Linking Photometry and spectroscopy: profiling multiple populations in globular clusters

Abstract: Our understanding of multiple populations in globular clusters (GCs) largely comes from photometry and spectroscopy: appropriate photometric diagrams can disentangle first and second populations (1P and 2P)-1P having chemical signatures similar to field stars, and 2P stars showing unique light-element variations-while spectroscopy enables detailed chemical abundances analyses of these populations. We combine multi-band photometry with extensive spectroscopic data to investigate the chemical composition of multiple populations across 38 GCs, yielding a chemical abundance dataset for stars with precise population tagging. This dataset provides the most extensive analysis of C, N, O, Na, Mg, and Al variations, revealing the largest sample yet of light-element spreads across GCs. GC mass correlates with light-element variations, supporting earlier photometric studies.
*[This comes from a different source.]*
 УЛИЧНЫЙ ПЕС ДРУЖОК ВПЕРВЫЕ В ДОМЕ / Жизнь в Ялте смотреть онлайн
We investigated iron differences among 1P stars, confirming their presence in 19 GCs, and finding a spread consistent with prediction based on photometry. Notably, in eight of them we detected a correlation between [Fe/H] and the position in iron-sensitive photometric diagrams. More massive GCs display larger lithium depletion among 2P stars, which is consistent with zero at smaller masses. Notably, some 2P stars with the most extreme chemical differences compared to 1P stars still show Li comparable to 1P, suggesting that the 1P polluters have produced some amount of this element. We analyzed the anomalous stars, a population characterized by enrichment in iron, s-process elements, and C+N+O, in ten GCs. NGC1851, NGC5139, NGC6656, and NGC 6715 display light-element inhomogeneities similar to 1P and 2P stars. Iron and barium enrichment varies widely-negligible in some clusters and much larger than errors in others. Generally, these elemental spreads correlate with GC mass.